I wish I would have seen this a week ago.
I recently had a discussion with someone that read an article that claimed "driving is the most dangerous activity that people do" and cited 500 traffic fatalities in Minnesota last year to support the claim.
There are 3,000,000 registered drivers in Minnesota, and along with a conservative estimate of an average of 1 drive per day, that makes 1,095,000,000 drives per year and a mortality rate of 0.45 deaths per million drives.

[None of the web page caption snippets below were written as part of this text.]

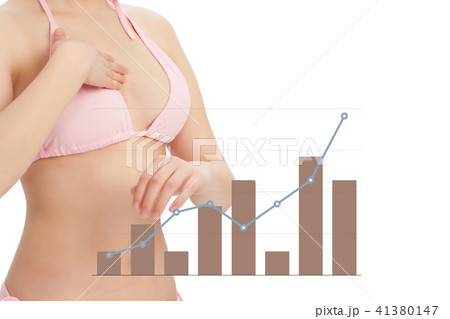 セルフチェック  胸 41380147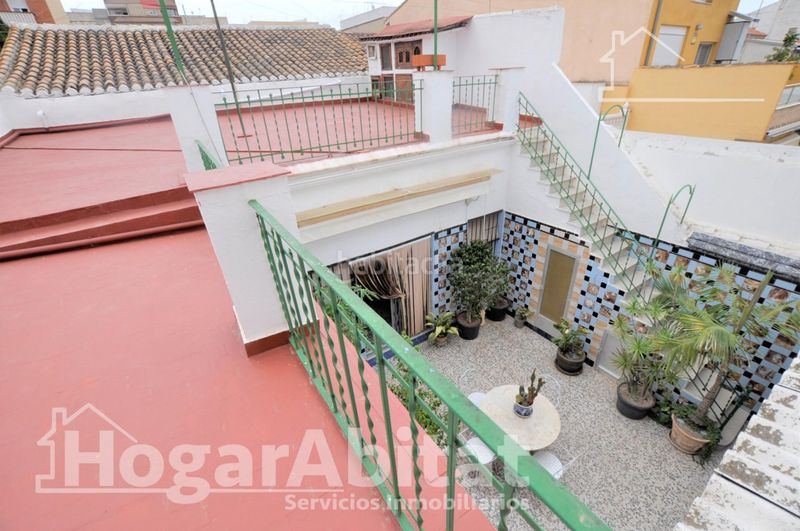 Foto 615a4dd5-bcde-4037-b465-8ea22f1fe261. Casa amb aparcament a Zona Concordia Burjassot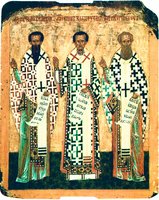 Святители Василий Великий, Иоанн Златоуст и Григорий Богослов. Икона-таблетка. Кон. XV в. (НГОМЗ)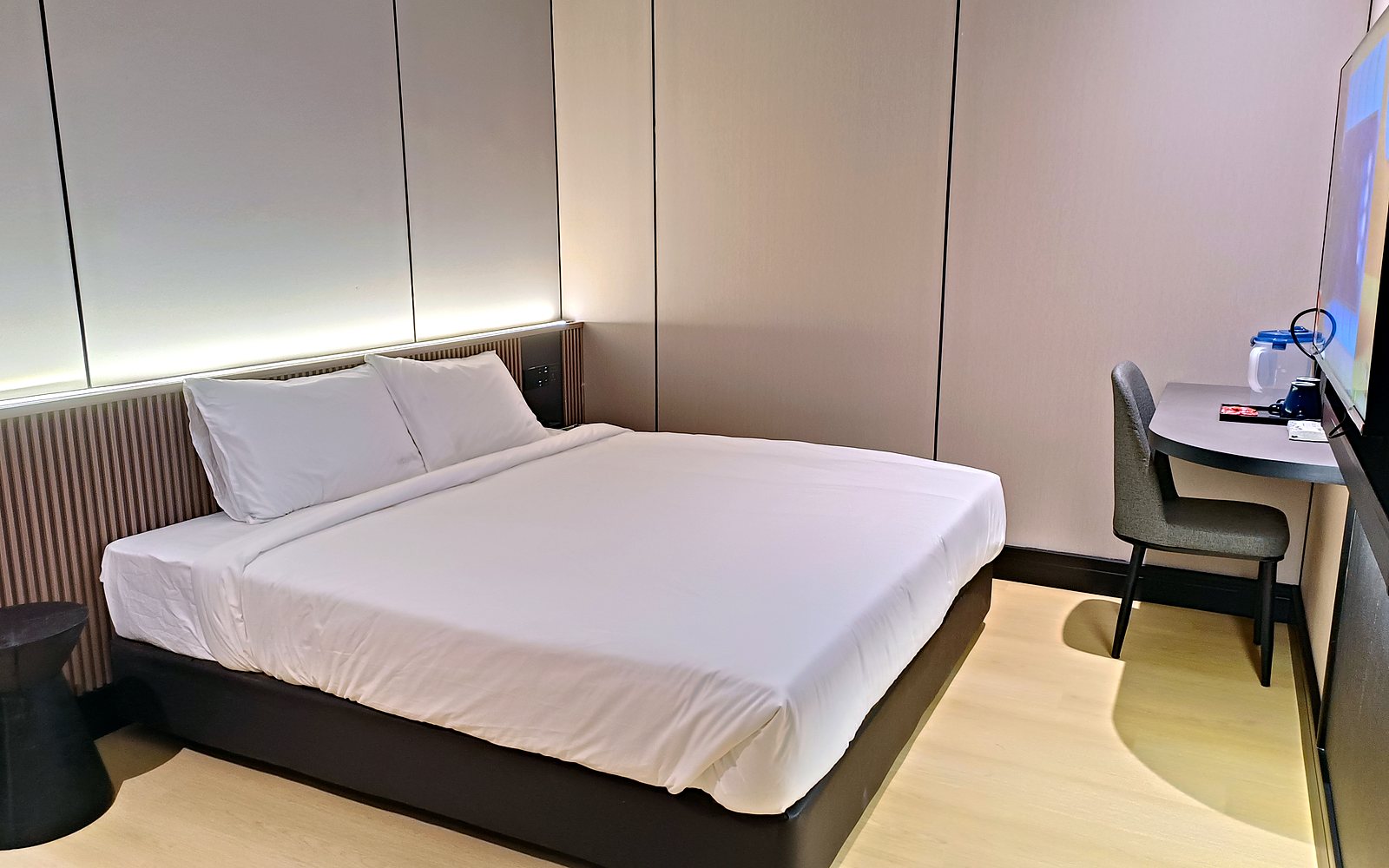 Deluxe King room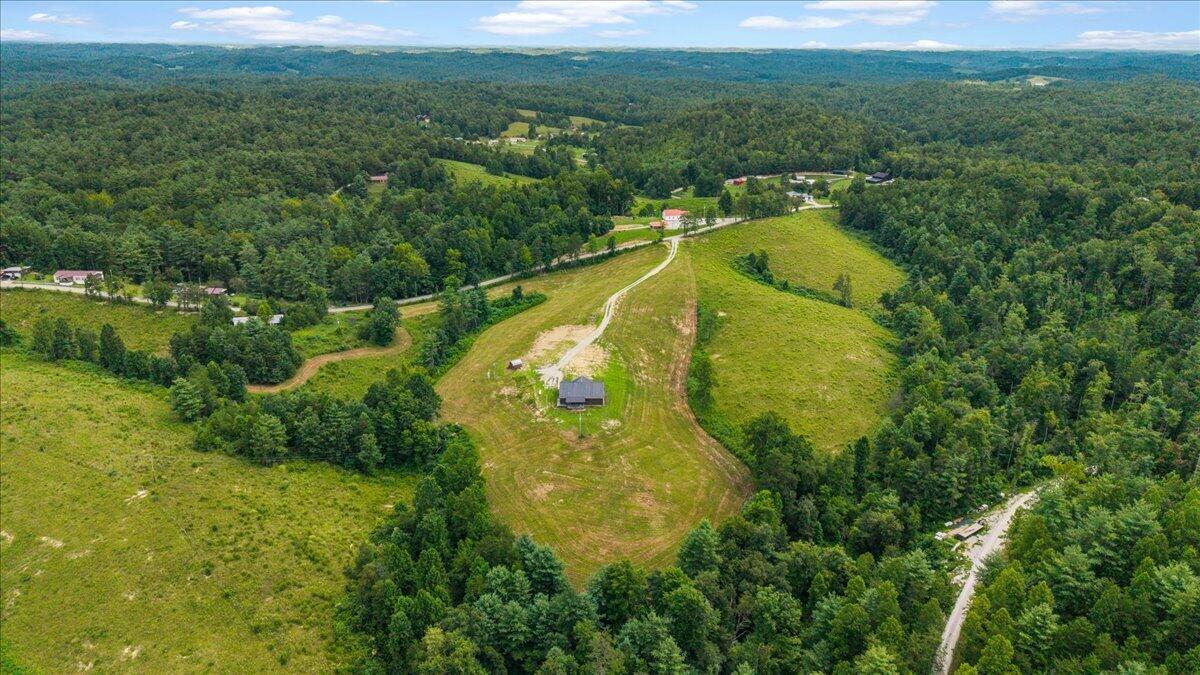 2113 Calaboose Ridge Road Campton, KY 41301 - Photo 45 of 50 45-DJI_20260805170536_0326_D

Not that this makes scuba diving the most dangerous activity in the world, my point is that statistics can be manipulated to show anything. Even with the statistics from DAN, I have pretty good buoyancy control now, and during the time when I was working on it, I did very conservative dives, so I don't think I was ever (or will be) subject to the risks outlined in this study. Similarly, I don't drink and drive, don't talk/text on my phone while driving, etc. so I don't think I am subject to the "on average" risks of driving either.
Many of you might have seen this link:
- 50% of the fatalities happened with people with less than 20 dives.
- Top 3 problems were: pre-existing health condition, poor buoyancy control, and rapid ascent or violent water movement.
- Equipment failure and marine life injuries are extremely rare. Not surprisingly, areas where divers notoriously cut corners, such as inadequate training or lax buddy practices, are far more likely to contribute to accidents. Forty percent of the fatalities took place during a period of buddy separation; 14 percent involved declared solo dives.
I realize that the numerber of dives over the period is a calculated guess, but 20 million dives a year seems very high. That equates to 55,000 people diving everyday, 365 days a year.
I would add that depending on whether you calculate on a per mile, per hour, per instance or per one-year period basis (the last one depending on your dives/year and drives/year numbers), you can probably make diving and driving alternate in which seems to be less or more dangerous.